As a legal immigrant to this country currently living in Florida, you likely have family members in your native country who you would like to help come to the U.S., too. You will, therefore, be glad to learn that you can choose from a large number of visas to help you accomplish your and their goal.
Keep in mind that, according to the U.S. Department of State Bureau of Consular Affairs, these visas exist in two categories: Immediate Relative Immigrant Visas and Family Preference Immigrant Visas.
Immediate Relative Immigrant Visas
As their name implies, IRMVs apply to your immediate family members and include the following visas:
- IR-1 visa for your spouse
- IR-2 visa for your unmarried child(ren) under 21 years of age
- IR-3 visa for any orphan you adopted abroad
- IR-4 visa for any orphan you intend to adopt once (s)he comes to the United States
- IR-5 visa for your parent(s)
No limit applies to the number or type of immediate relatives you can bring into the U.S. during any fiscal year.

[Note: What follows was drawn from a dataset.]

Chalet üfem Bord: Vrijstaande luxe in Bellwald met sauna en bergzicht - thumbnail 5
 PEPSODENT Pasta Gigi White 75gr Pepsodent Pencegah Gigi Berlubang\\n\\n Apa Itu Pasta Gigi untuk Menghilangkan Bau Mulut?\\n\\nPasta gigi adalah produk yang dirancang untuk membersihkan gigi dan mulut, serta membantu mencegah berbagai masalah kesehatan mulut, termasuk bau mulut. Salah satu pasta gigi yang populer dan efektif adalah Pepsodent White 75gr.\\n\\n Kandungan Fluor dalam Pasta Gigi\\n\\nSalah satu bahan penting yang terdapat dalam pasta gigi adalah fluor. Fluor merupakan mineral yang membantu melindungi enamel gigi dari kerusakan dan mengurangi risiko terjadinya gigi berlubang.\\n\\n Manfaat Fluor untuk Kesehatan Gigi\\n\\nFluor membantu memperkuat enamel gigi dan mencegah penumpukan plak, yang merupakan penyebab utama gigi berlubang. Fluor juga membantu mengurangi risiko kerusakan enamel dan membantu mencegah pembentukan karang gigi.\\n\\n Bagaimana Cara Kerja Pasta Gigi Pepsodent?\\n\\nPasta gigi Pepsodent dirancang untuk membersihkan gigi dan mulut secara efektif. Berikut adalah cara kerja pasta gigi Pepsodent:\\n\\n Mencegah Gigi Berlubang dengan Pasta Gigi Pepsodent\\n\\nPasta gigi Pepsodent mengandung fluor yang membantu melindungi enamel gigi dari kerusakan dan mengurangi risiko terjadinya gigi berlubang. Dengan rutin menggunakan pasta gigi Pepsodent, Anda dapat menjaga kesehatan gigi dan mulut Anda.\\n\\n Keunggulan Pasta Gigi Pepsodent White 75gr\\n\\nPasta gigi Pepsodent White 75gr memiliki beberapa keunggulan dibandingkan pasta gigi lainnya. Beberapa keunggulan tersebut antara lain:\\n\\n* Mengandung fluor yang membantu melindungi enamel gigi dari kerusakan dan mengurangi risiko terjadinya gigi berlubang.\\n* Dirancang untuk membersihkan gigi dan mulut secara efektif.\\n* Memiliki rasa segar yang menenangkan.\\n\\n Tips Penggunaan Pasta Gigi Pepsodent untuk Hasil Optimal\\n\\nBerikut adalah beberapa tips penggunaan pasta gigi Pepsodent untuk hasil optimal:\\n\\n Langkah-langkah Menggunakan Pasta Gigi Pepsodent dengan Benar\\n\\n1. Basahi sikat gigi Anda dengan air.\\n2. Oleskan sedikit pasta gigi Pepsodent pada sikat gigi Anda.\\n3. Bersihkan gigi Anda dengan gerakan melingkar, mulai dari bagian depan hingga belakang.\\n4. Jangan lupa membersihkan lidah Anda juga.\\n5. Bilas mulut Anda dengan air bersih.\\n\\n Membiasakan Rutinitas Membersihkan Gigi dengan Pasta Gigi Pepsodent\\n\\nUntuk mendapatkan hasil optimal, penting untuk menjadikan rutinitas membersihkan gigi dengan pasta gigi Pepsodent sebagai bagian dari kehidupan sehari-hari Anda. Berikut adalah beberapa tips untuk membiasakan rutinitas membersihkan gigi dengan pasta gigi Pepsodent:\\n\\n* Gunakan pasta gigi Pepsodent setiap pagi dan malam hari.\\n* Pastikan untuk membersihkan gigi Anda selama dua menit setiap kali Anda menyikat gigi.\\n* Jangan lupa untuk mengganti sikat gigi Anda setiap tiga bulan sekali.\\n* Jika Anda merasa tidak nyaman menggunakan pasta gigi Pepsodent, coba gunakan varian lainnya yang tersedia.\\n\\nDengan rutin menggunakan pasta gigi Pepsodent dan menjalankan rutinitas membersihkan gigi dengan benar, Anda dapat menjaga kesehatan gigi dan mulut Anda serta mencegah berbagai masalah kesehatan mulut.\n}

The only downside to all of the above visas is that your relative can only obtain one if you yourself have already become a U.S. citizen.
Family Preference Immigrant Visas
The other category of visas applies to your more distant relatives and includes the following visas:
- F1 visa (Family First Preference) for your unmarried children and their unmarried children if you are a U.S. citizen
- F2 visa (Family Second Preference) for your spouse and children, either minor or unmarried, if you are a Lawful Permanent Resident
- F3 visa (Family Third Preference) for your married children and their children if you are a U.S. citizen
- F4 visa (Family Fourth Preference) for your siblings and their spouses and minor children if you are a U.S. citizen
Unfortunately, the U.S. limits the number of FPI visas it issues each fiscal year. This could result in your relative having to wait a long time, several years in fact, before they can receive their visa. You should also be aware that you cannot apply for an FPI visa if you are the grandparent, aunt, uncle, cousin or in-law of the person you wish to sponsor.
This is general educational information and not intended to provide legal advice.